Wie soll den das funktionieren?
Ohne Arbeitsspeicher würde der PC nicht mal starten, beim booten mein ich!
Hast du schon mal den Speicher mit nem Testprogramm getestet?
Kann nur als Auslagerungsdatei zwischengespeichert werden oder bei Linux unter Swap!
Sollte das so sein is entweder der Arbeitsspeicher zu wenig oder kaputt 

mfg AngstHab


----------



## Raubkopierer (11. Juni 2007)

Öhm. ich versteh die Aussage nicht. Auf dem Arbeitsspeicher soll nichts gespeichert werden. er ist eben kein Speichermedium sondern dient dazu Daten schnell bereit zu stellen um mit ihnen arbeiten zu können. dafür wäre die Festplatte nämlich zu langsam. Also wenn du ein Programm startest werden alle für dieses Programm benötigten Daten in den Arbeitsspeicher geladen. deswegen brauchst du für einige Komplexe Programme eben mindestens 256MB Arbeitsspeicher und für andere eben nur ein paar wenige MB.
Natürlich könnte man den Arbeitsspeicher auch als Speichermedium nutzen aber wieso sollte man das tun? Damit die Daten erhalten bleiben müste er ständig mit Strom versorgt werden wäre also mehr als sinnlos.
Evtl. ist die Frage einfach nur falsch formuliert oder hat sich nach diesen Ausführungen einfach erübrigt. wer weiß


----------



## AndreG (13. Juni 2007)

Raubkopierer hat gesagt.:


> Natürlich könnte man den Arbeitsspeicher auch als Speichermedium nutzen aber wieso sollte man das tun?

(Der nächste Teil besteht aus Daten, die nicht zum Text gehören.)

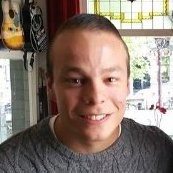 Daan De Witte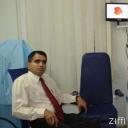 Dr. Manjunath Marasandra: Ophthalmology (Eye) in bangalore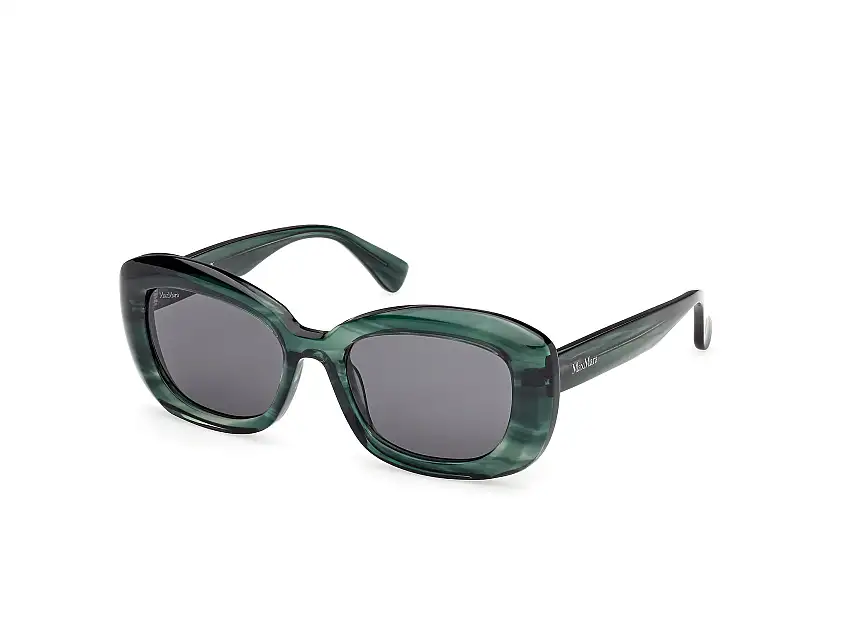 Occhiali da sole MAXMARA ELIZABETH 1MM0170 98A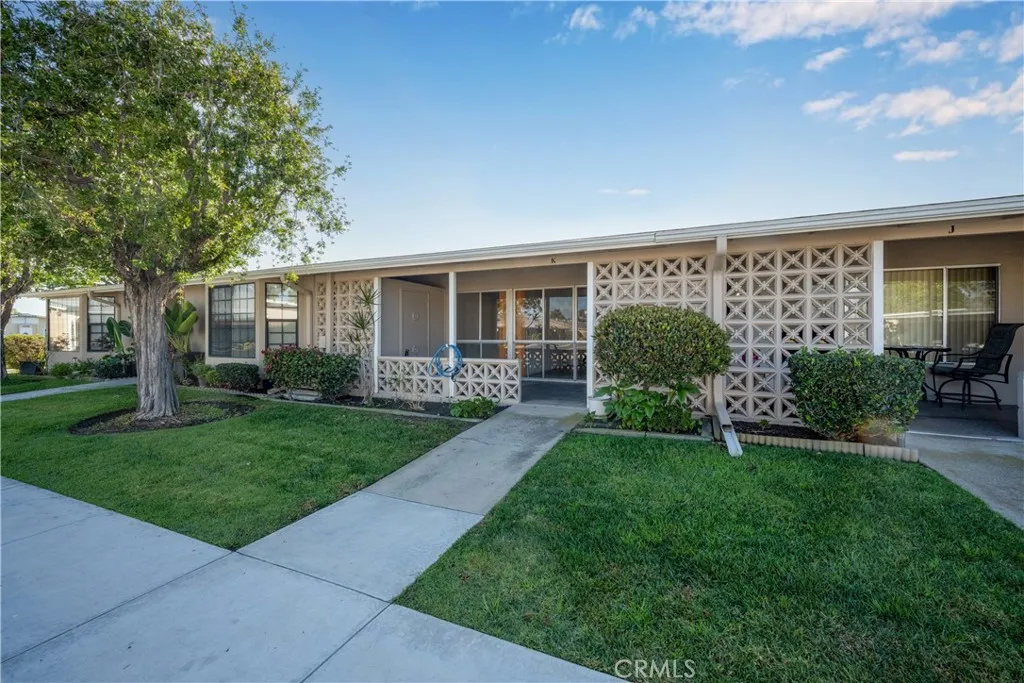 13211 St Andrews Drive 155k, Seal Beach, California 90740 home-pic-1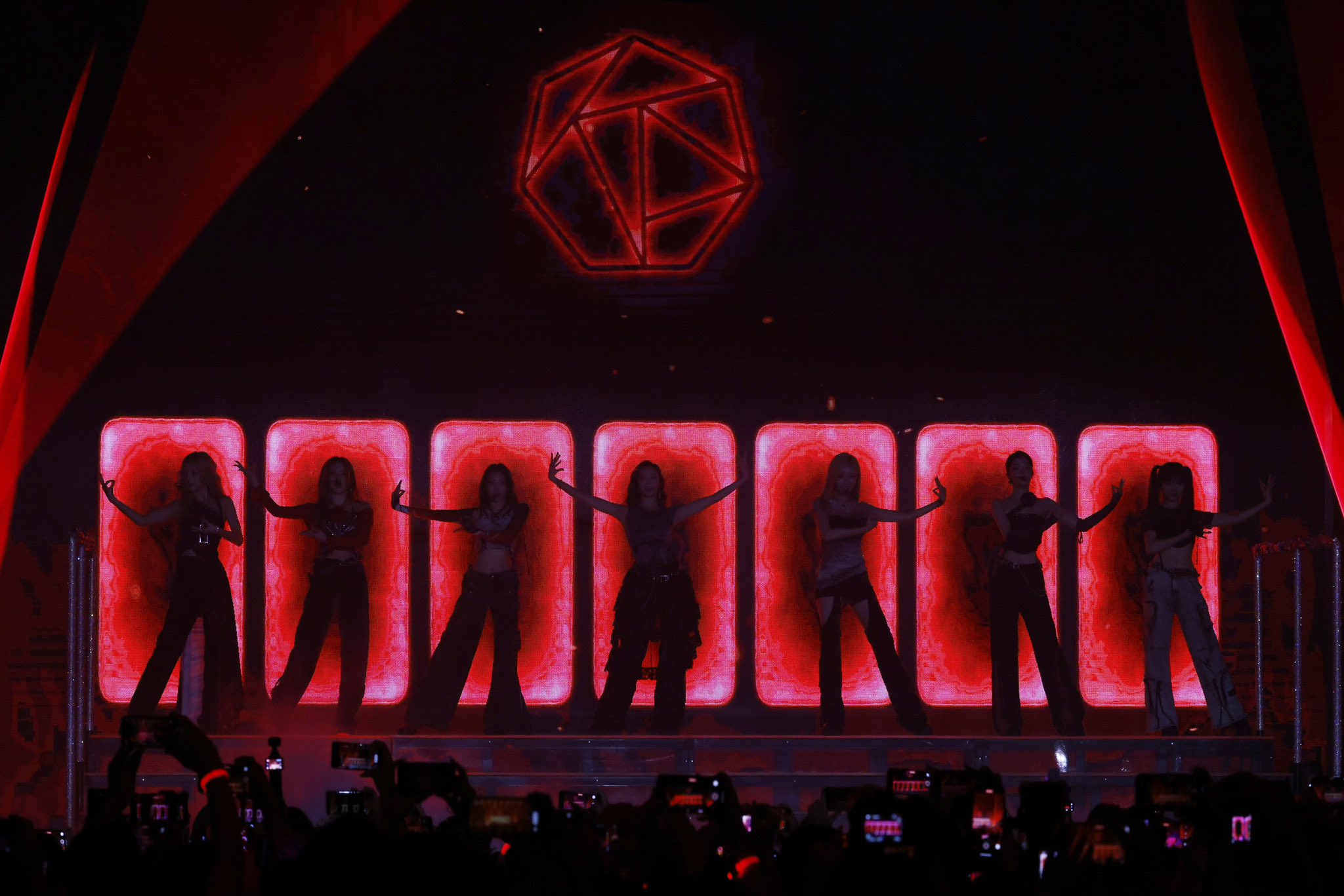 GUehlZbaYAAKjEN?format=jpg&name=large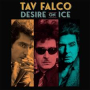 FALCO TAV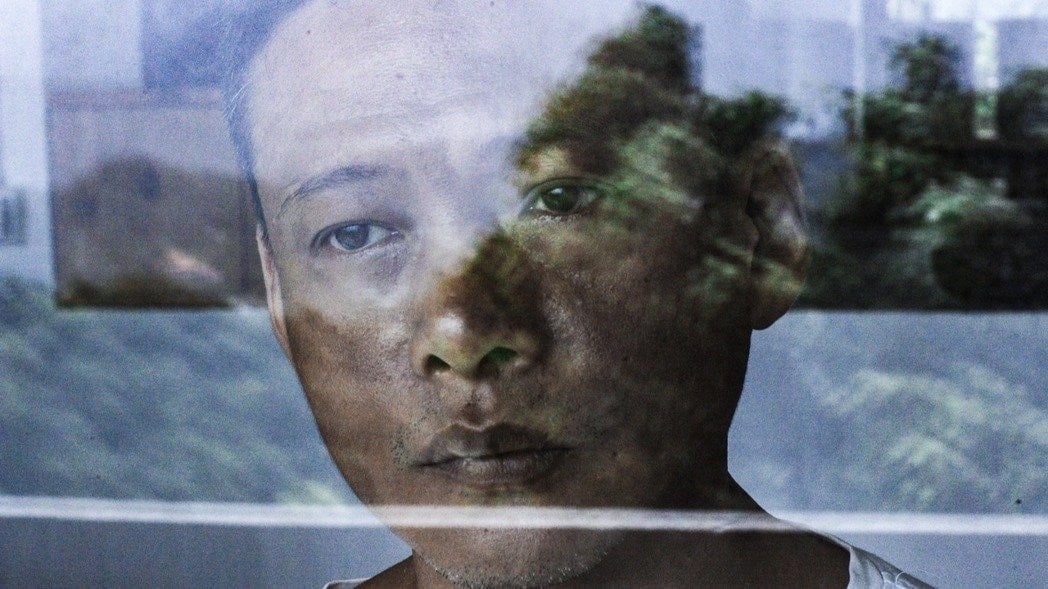 臺灣導演蔡明亮的作品第三度入圍第70屆德國柏林影展，此次是以最新的劇情長片《日子》入圍。（汯呄霖電影提供）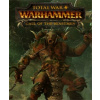 Total War: WARHAMMER - Call of the Beastmen (PC) STeam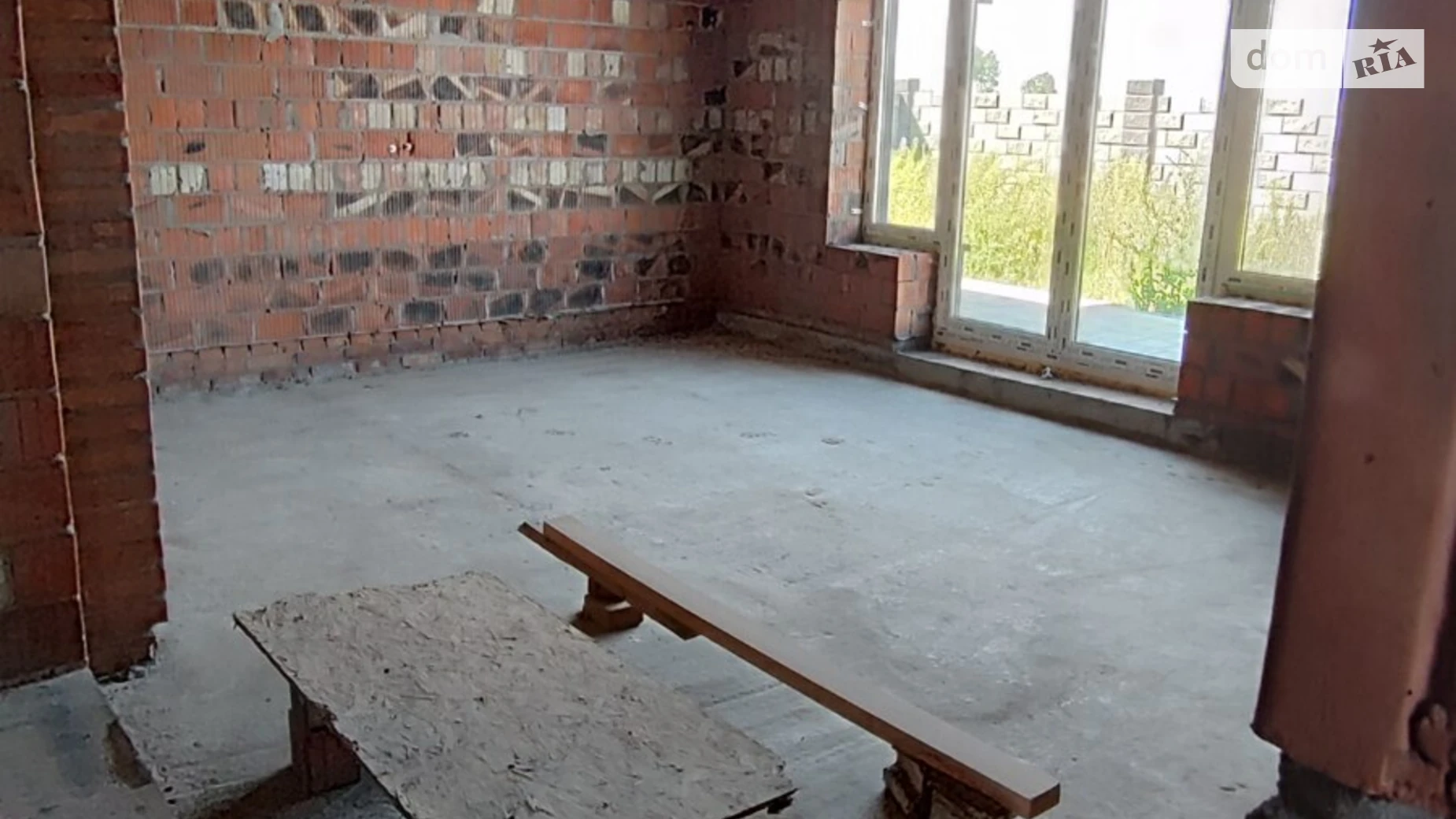 ул. Наталии Ужвий Михайловка-Рубежовка (Ирпень), цена: 74000 $ - фото 4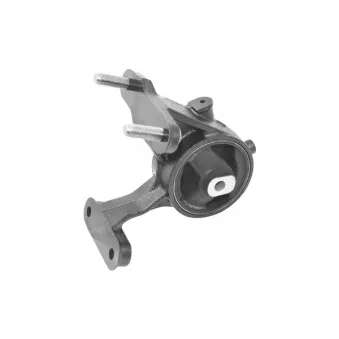 Support moteur TEDGUM TED47043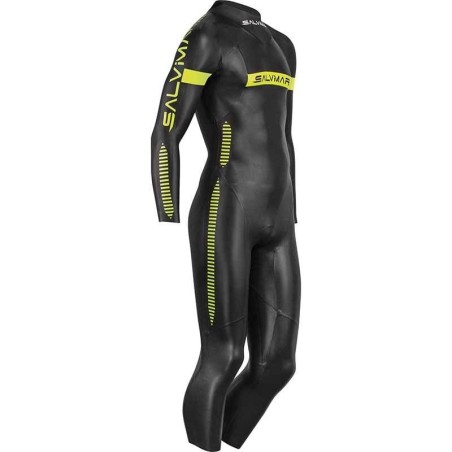Muta Triathlon Uomo F1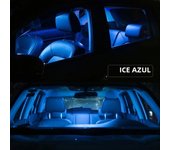BADEYA LED Interior Map Dome Light Kit For Ford F150 F-150 2004-2013 2014 2015 2016 2017 2018 2019 Auto Led Lamp Canbus No Error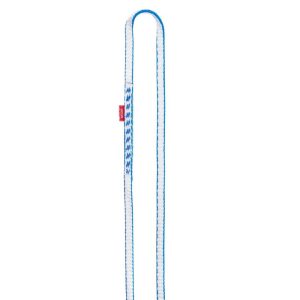 O-sling DYN 8 – Fettuccia ultraleggera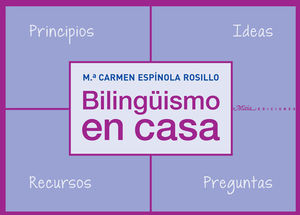 BILING�ISMO EN CASA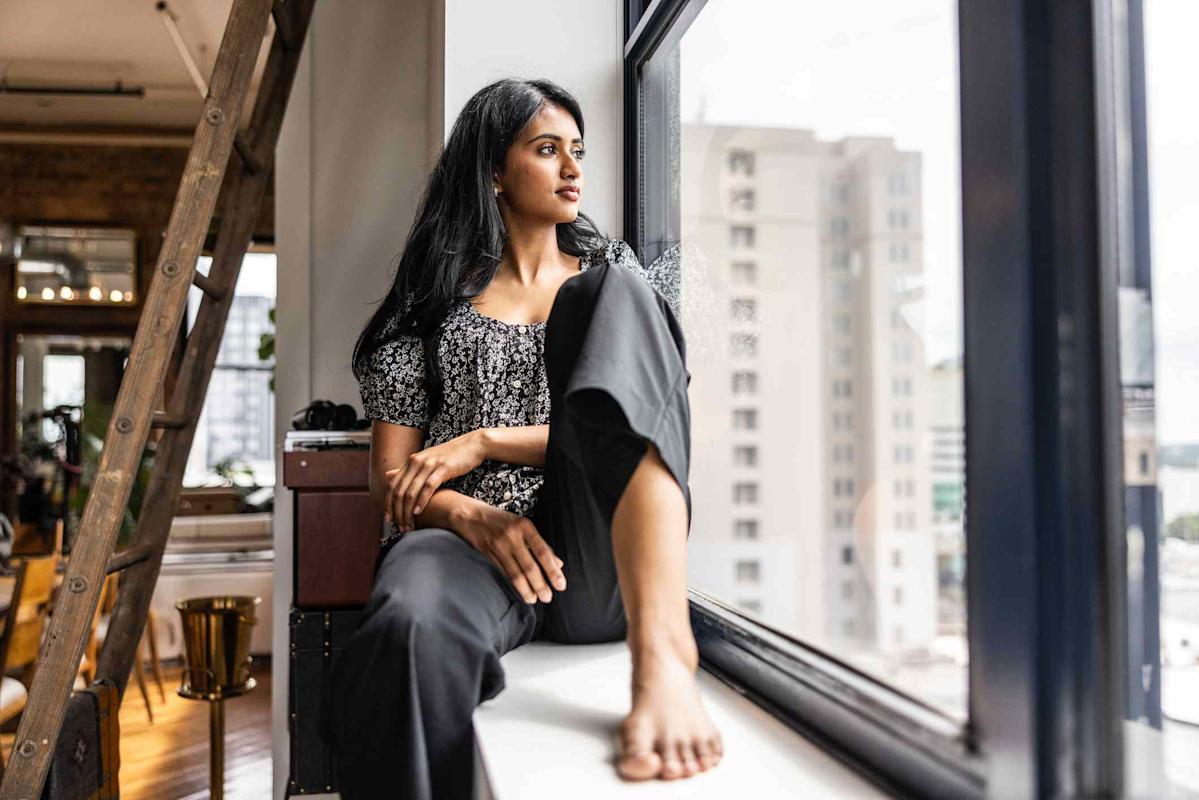 Only 14% of Workers Achieve This 401(k) Benchmark—Here’s How to Set It as Your Target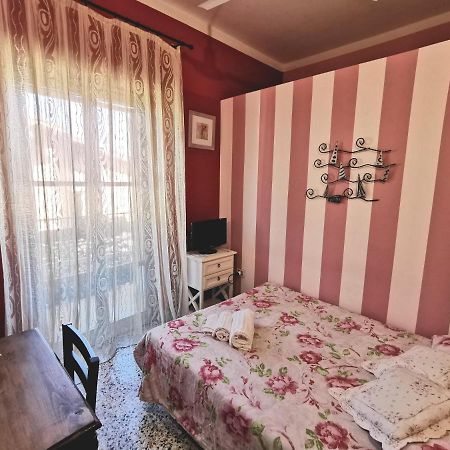 B&B San Lorentino House 아레초 외부 사진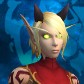 Kirahdh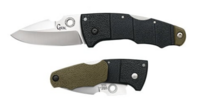 Cold Steel GRIK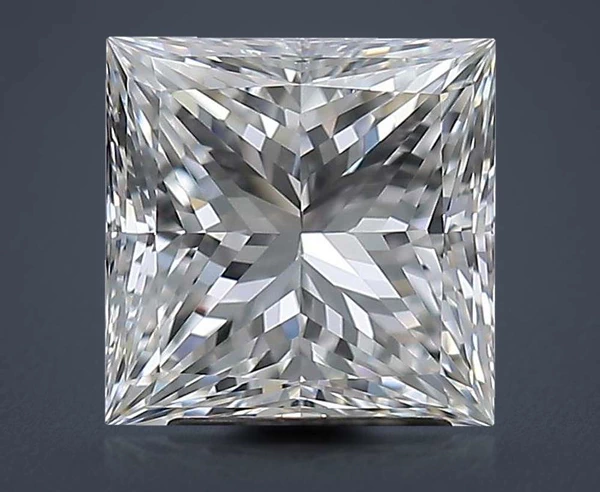 3.01 Carat · G · VS2 excellent Cut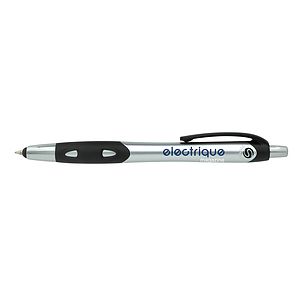 Souvenir® Sol Stylus Pen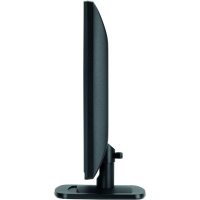 Monitor LED Iiyama E1980SD-B1 A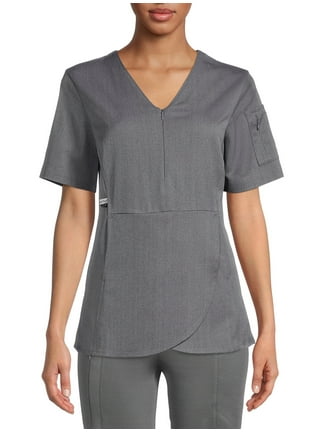 Walmart climateright top by cuddl duds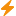 f9df73a954e0af7f9075fd6f54122325d9dad138342e597ac7e24d2a7ce1bea4.png
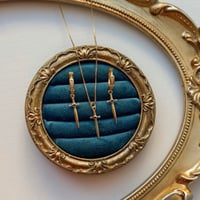 Image 3 of TRUTH BOUND SET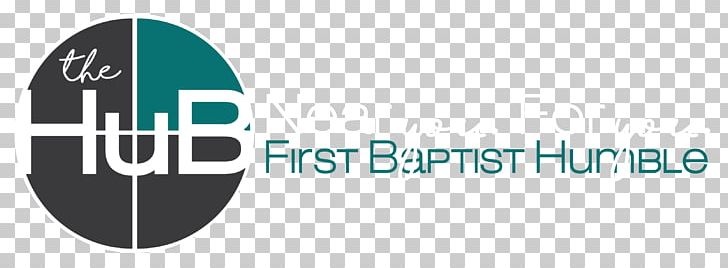 First Baptist Humble Mobile App Logo Apple Application Software PNG, Clipart, Apple, App Store, Blue, Brand, First Baptist Humble Free PNG Download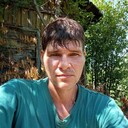  ,   Dima, 38 ,  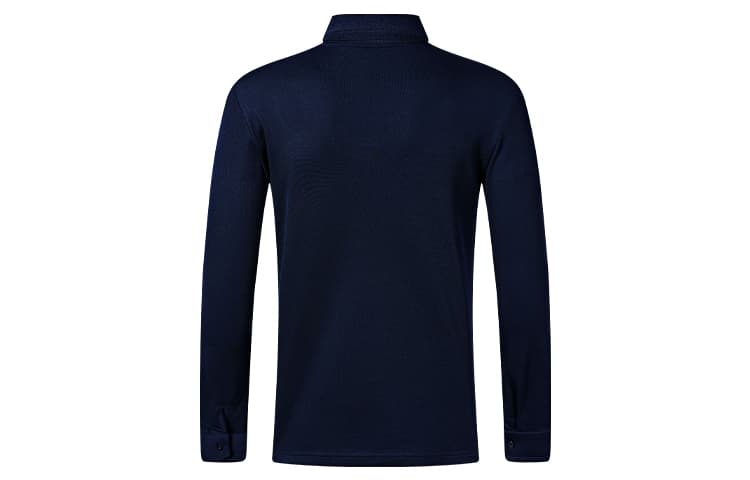 Поло JOMA Polo - изображение 2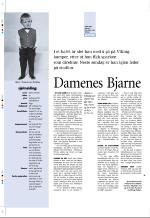 aftenbladet_pluss-20071019_000_00_00_028.pdf
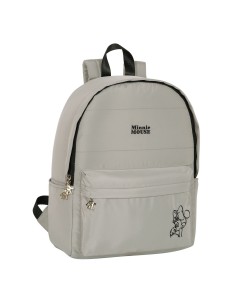safta_mochila_para_portatil_14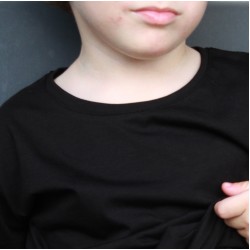 Çocuk Ankara da deniz yok ansıl yaşıyor sunuz ? Balık mıyız la biz ! Çocuk Ankara da deniz yok ansıl yaşıyor sunuz ? Balık mıyız la biz !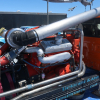 Bonneville Speed Week 2019 engines 0008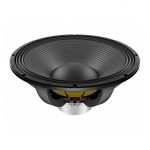 Lavoce SAN214.50 - 21 inch 1700W 8 Ohm Loudspeaker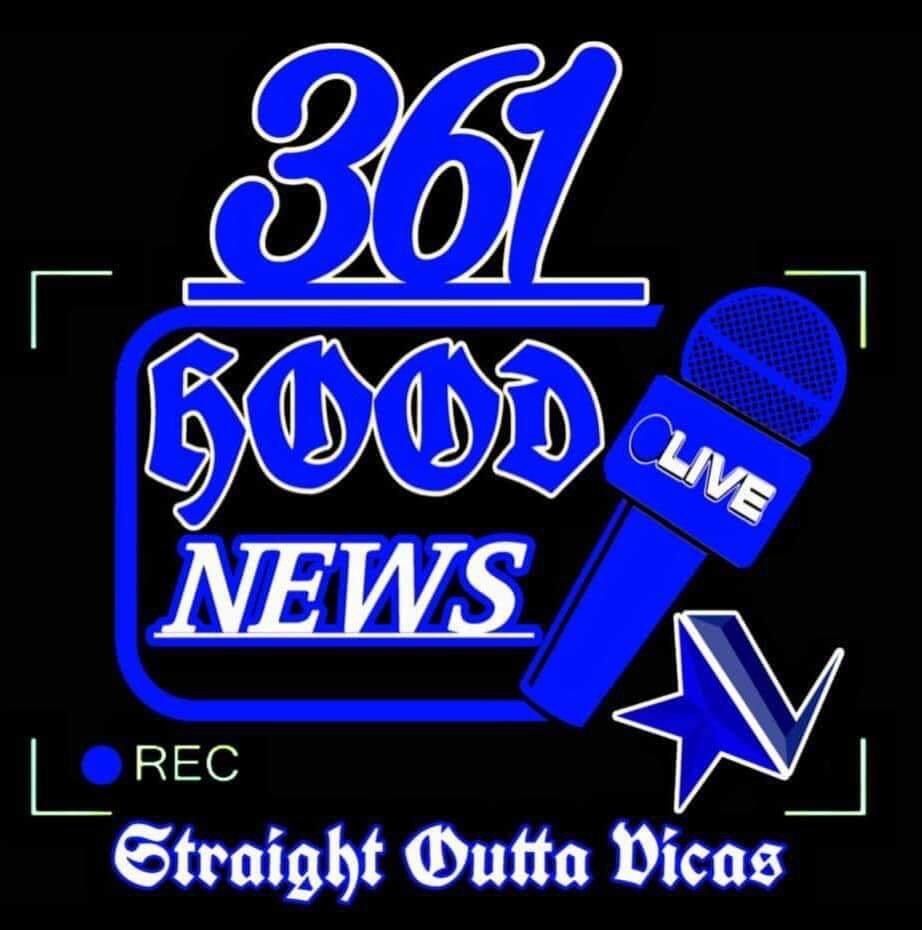 361 Hood News Victoria, TX Nextdoor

Um große Datenmengen mit geringer Zugriffszeit zur Verfügung zu haben, z.B. Datenbank-Server haben fast immer RAM-Laufwerke.

Aber wie schon von Raubkopierer gesagt, im Arbeitsspeicher wird nichts dauerhaft gespeichert, da beim Ausschlaten deines Rechners dieser gelöscht wird. Sprich alles was du speichern willst z.B. Word-Dokumente, mußt du auf der Festplatte speichern, anders geht es nicht.

Dein Arbeitsspeicher "speichert" auch Daten aber nur kurzfristig um Programme auszuführen. Darum, nennt man sowas auch Flüchtigen Speicher.

Mfg Andre


----------



## AngstHab (13. Juni 2007)

Um es auf die Spitze zu treiben:
Der Arbeitsspeicher wird zyklisch im Bruchteil einer Sekunde aufgefrischt, sprich ausgelesen und neu geschrieben!
Das bedeutet im Klartext: " Rechner aus, weg sind die Daten !!"

mfg AngstHab


----------